Lokasi ini tidak jauh dari sekolah kita yaitu disebelas selatan mungkin bagi teman2 lokasi ini sudah tidak asing lagi ditelinga kita
Kawasan Prumpung, Jatinegara, Jakarta Timur. Kawasan yang riuh, macet, dan kusam itu menjadi lain bila di malam hari. Dilingkungi jembatan layang yang melintang di sebelah Timur, lintasan rel kereta api di Utara dan perumahan penduduk di Selatan, kawasan itu terkesan kelam dan kusam. Apalagi sudah umum diketahui bahwa di kawasan itu bila malam tiba berubah menjadi tempat transaksi seks.
Bila menyusuri kawasan Prumpung, akan mudah ditemui para perempuan penjaja cinta duduk atau berdiri di sepanjang jalan menanti pembeli. Kawasan perdagangan cinta tidak resmi ini makin hidup oleh deretan warung-warung tenda yang berjejer sepanjang tepi jalang. Pasar Jatinegara dan stasiun kereta api di dekatnya makin mendukung berlanjutnya kehidupan malam di sana.

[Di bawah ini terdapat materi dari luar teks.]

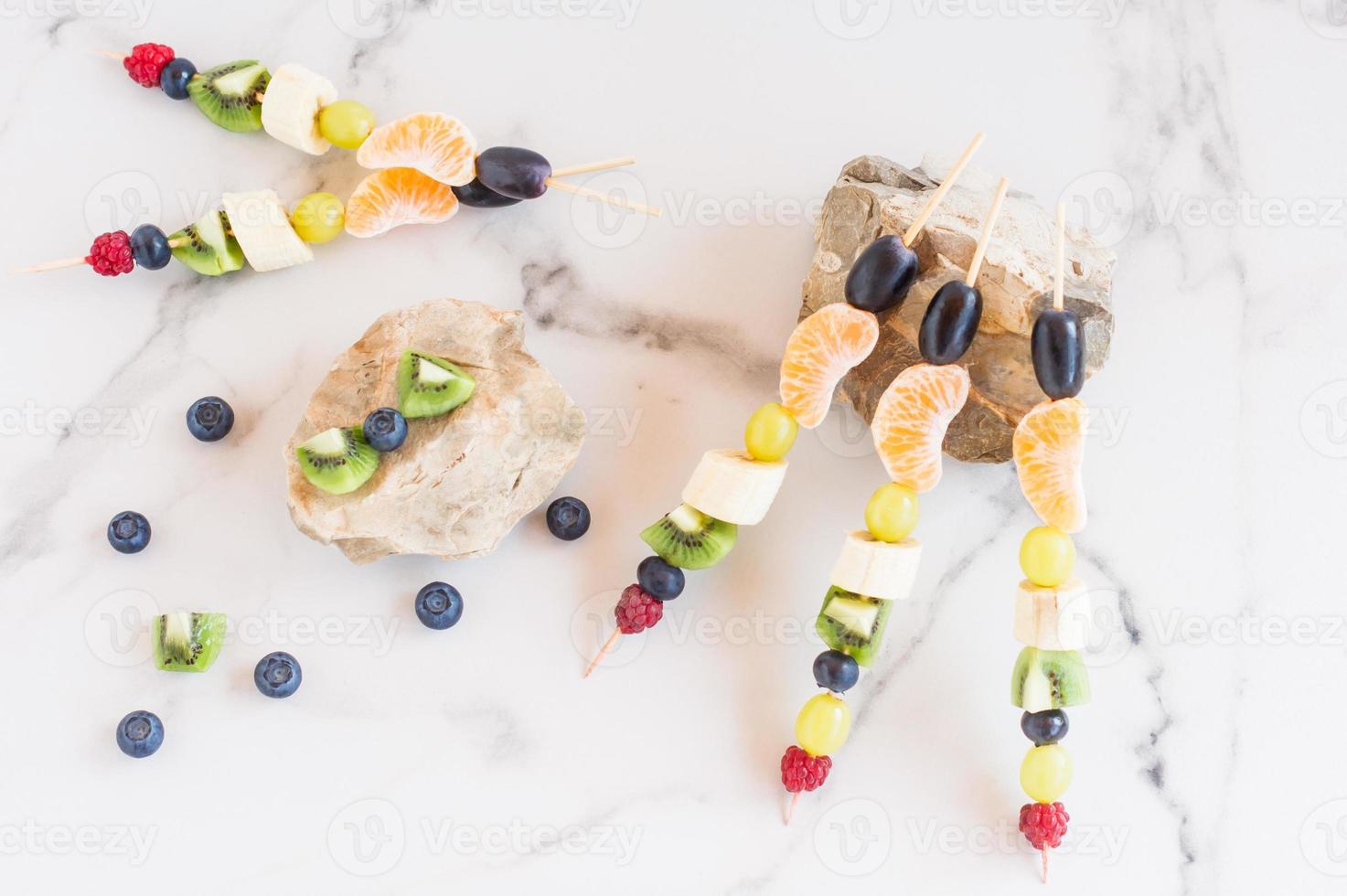 assortment of fruit canapes on stones, white marble background.vegetable vitamins. photo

Di tengah suasana demikian, bila anda naik kendaraan melintasi Taman Prumpung pada seperempat awal malam, akan terdengar cukup keras suara kendang di tabuh. Ya, sudah sejak dua tahun lalu di taman itu berdiri sebuah panggung kecil berukuran empat kali tiga meter persegi. Panggung rendah, hanya setinggi dada itu, adalah tempat manggung sekelompok penari jaipong bernama Mekar Munggaran.

JAIPONG KERAWANG Ada sekitar 12 penari yang sebagian merangkap pesinden di panggung itu. Para perempuan muda sampai setengah baya menyanyi dan menari penuh semangat. Di depannya dalam bentangan lima meteran ada sebuah arena imajiner tempat para pelanggan ngibing (menari). Di seberangnya berjejer penonton yang duduk merenah (nyaman) di pelataran atau berdiri.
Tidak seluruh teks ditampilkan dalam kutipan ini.